Moscow commentator Andrey Malgin delivers a warning that no one should ignore: Vladimir Putin, he argues, “will use Western values like direct democracy (referenda), freedom of speech and assembly and all the rest for the destruction of the West and these things which are its values.”
The Kremlin leader understands perfectly well, he says, that he will not be able to defeat the West by economic or military means and thus must choose an indirect approach, one that judo-style exploits the West’s strengths against it. Putin will thus promote populist anger in Western countries with the goal of “converting any vote into a protest.”
There can be “no doubts,” Malgin says, “that Putin’s agents will now push for referenda wherever possible” and on whatever subject, left, right or center, with the goal of achieving the most “destructive” outcome possible. And to that end, he will step up his propaganda directed at Western countries.
Anyone who objects as some have and more will, he continues, Moscow will challenge with the question “Are you against freedom of speech, respected ‘partners’?” To be sure, Russia Today (RT) is “not taken seriously” by many. But it is useful for Putin because of the impact it has on Western journalists who cite it in the name of balance, the current standard of objectivity, and thus spread “Lubyanka fakes” to their audiences.
Sometimes, of course, this will be exposed; but the work is “so total that individual failures will not be able to have an essential impact on the results” the Kremlin seeks, Malgin says, adding ominously that this is the way “the third world war” is being fought, even if one side refuses to acknowledge that fact.
Kirill Martynov, the political editor of Moscow’s “Novaya gazeta,” offers an explanation for why Putin is being so successful in this effort. It is because he appears to understand something that many in the West do not: the way in which the Internet revolution has spread contempt for all elites and expert opinion.

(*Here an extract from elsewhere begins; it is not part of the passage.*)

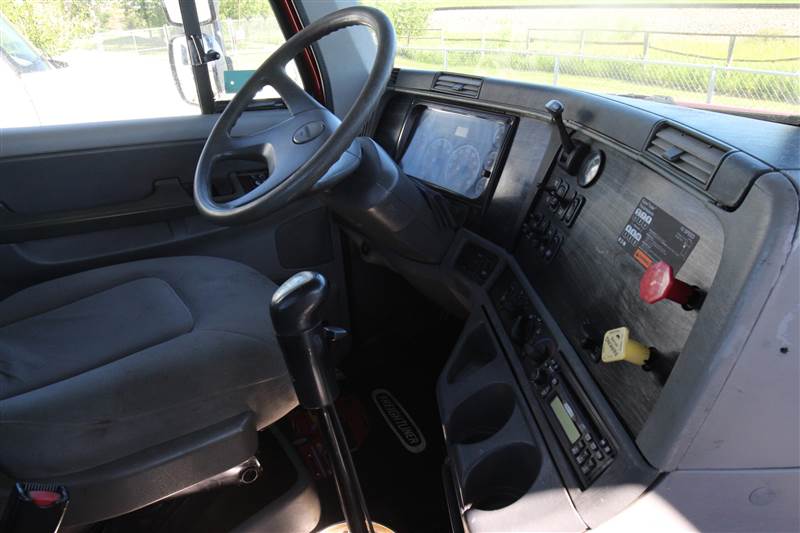 Truck Photo 6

In recent years, he says, “there have been many arguments about what changes the Internet promises us,” especially in the wake of the impact of Twitter on the Arab Spring and the supposedly “liberating potential of new media.” But, he continues, “only now are we beginning to understand how these changes work in fact.”
“It is possible that the main thing that the Internet teaches people is distrust in their own elites,” he argues, noting that “it is difficult to imagine the Trump phenomenon or the ‘incorrect’ voting on Brexit in an era of television” alone. But the Internet in both cases has done its destructive work.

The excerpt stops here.